Он начал рассказывать ей что-то о том, что не может насытиться
ею и ненавидит, что они встречаются украдкой, а я оставил их наедине, в то время как мой желудок скрутило, сердце разрывалось на части, и я остался разбитым.Я не хотел лишать счастья своего брата, и какая-то часть меня не могла вынести мысли, лишить счастья и ее. Но потом я подумал о Фоксе и о том, как сильно это его ранит, когда все выйдет наружу, и снова разозлился. Так чертовски разозлился за него. И, возможно, я был зол и за себя тоже. Потому что все это было запутанно, несправедливо и просто чертовски раздражало, и я не знал, что с этим делать и как с этим справиться. Так что в основном я просто отгонял свои мысли и чувства по этому поводу в сторону. Но те ее слова продолжали всплывать у меня в голове, и почему-то отогнать их было намного труднее. Мне не больно, когда я с тобой. Так насколько же ей было больно, когда она оставалась одна?
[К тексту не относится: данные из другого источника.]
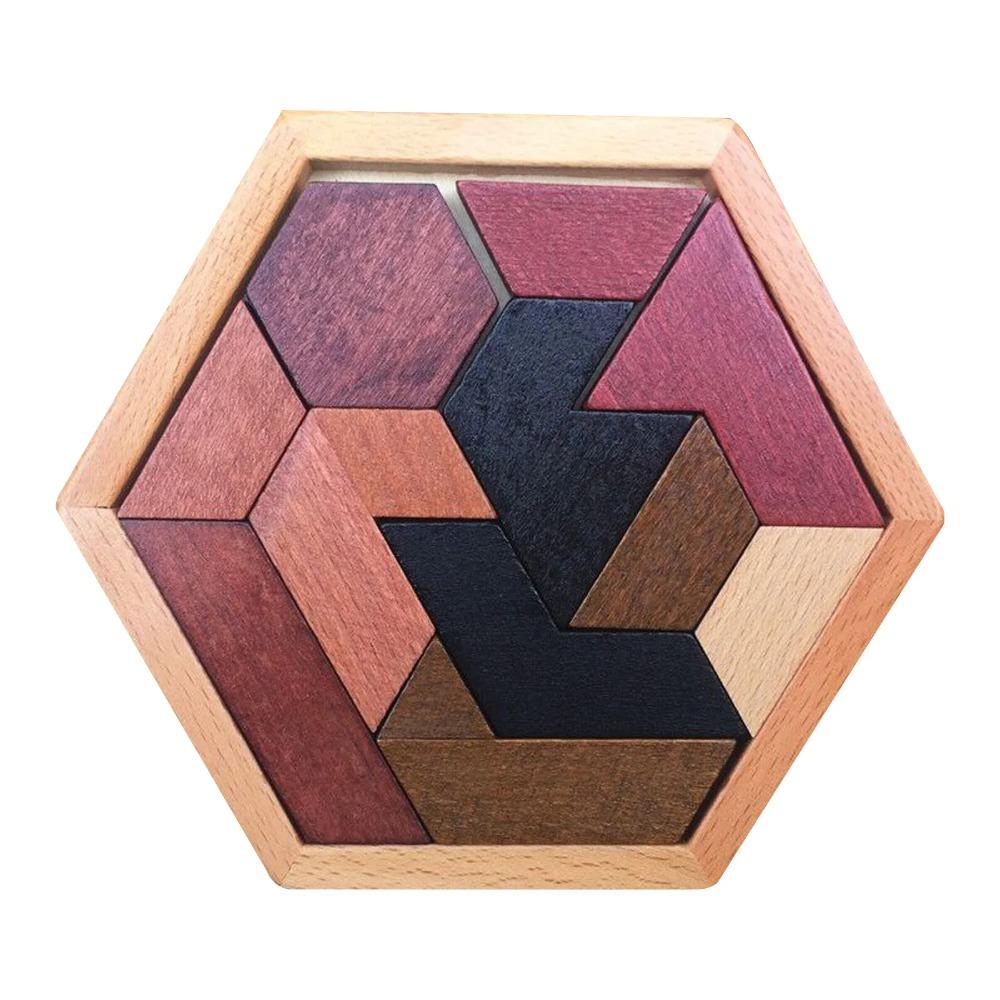 Montessori Tangram Intelligence Toy Safe Educational Toys IQ Games Puzzle  Kids Adults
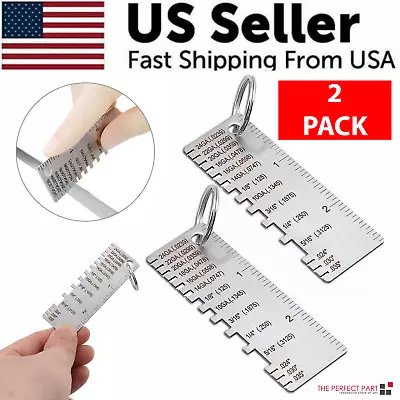 2PCS Thickness Gage Sheet Metal Gauge Measuring Tool Wire Gauge Stainless Steel • $7.98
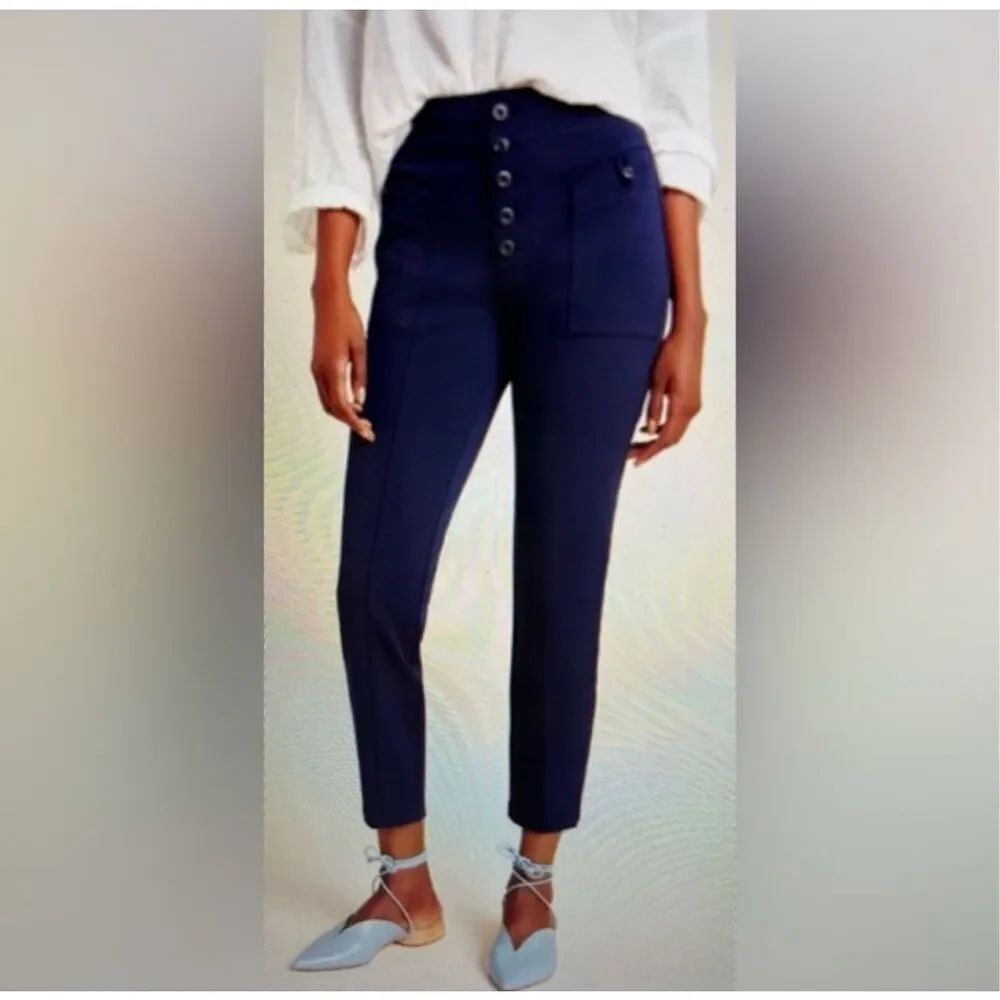 Anthro Bryson navy tapered multi button business casual pants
Я откладывал кое-что в течение нескольких дней и решил, что сейчас самое время разобраться с этим, поэтому сел на свой мотоцикл и поехал на нем к своему старому дому на берегу. Деревянное здание выглядело так, словно нуждалось в серьезном ремонте, но пока мой дорогой папочка гнил внутри, я не собирался наносить на него даже слоя краски. Честно говоря, я ждал дня, когда он умрет, чтобы приехать сюда и сжечь все дотла. Но все то время, пока мой отец копошился здесь, как таракан, и страдал от своей больной ноги и слабых легких, я был счастлив позволить этому месту гнить вместе с ним, пока он, наконец, не сдохнет.
Я припарковал свой байк снаружи, любуясь заросшим сорняками садом, который привел бы маму в ужас, и старой верандой, на которой стояло старое кресло-качалка моего отца, обращенное к океану. Призраки моего прошлого цеплялись за каждый дюйм этого места, и они ползали по мне, как холодные пальцы, держась за меня и не отпуская.
Снаружи дом выглядел довольно мирно. Я мог видеть потенциал, который когда-то был у этого уютного дома, где я мог бы спокойно играть на пляже в детстве и не бояться тени, подстерегающей меня повсюду, куда бы я ни пошел. Я думаю, что некоторые люди могут превратить любое место в ад, если будут достаточно стараться. Несчастная душа моего отца окрасила это место в черный цвет и запятнала все хорошее, что было в нем, и теперь каждое воспоминание, которое у меня было здесь, тоже было черным, вечно живя в моем сознании и преследуя меня.
Я прошел через скрипучие ворота, засунув пистолет за пояс джинсов, и заметил на земле у крыльца свой старый велосипед: ржавчина въелась в металлическую раму, а сорняки обвились вокруг нее, не желая выпускать из своих объятий. Этот велосипед бесчисленное количество раз помогал мне сбежать из этого места, и я был очень ему обязан за это.
Я вытащил его из травы, борясь с плющом, который так и норовил ухватиться за него, и провел пальцами по облупившейся зеленой краске. Я прислонил его к крыльцу и направился ко входной двери, протискиваясь внутрь, в то время как по позвоночнику пробежал холодок.
Отец сидел в своем заплесневелом кресле у окна, дым клубился вокруг него и стелился к потолку, пока он затягивался сигаретой. В его руке была зажата банка пива PBR, и от этой знакомой картины мой пульс участился, а тело вновь показалось маленьким, как у ребенка.
Я откашлялся, и он повернул голову, пытаясь разглядеть меня, а его губы тронула усмешка.
— Это ты, парень? — прорычал он хриплым от многолетнего курения голосом.
— Да, я здесь, — сказал я, половицы заскрипели у меня под ногами, когда я подошел к нему, туда, где свет проникал сквозь пыльное окно. Меня немного бесило, что он мог смотреть на океан и красть у него покой.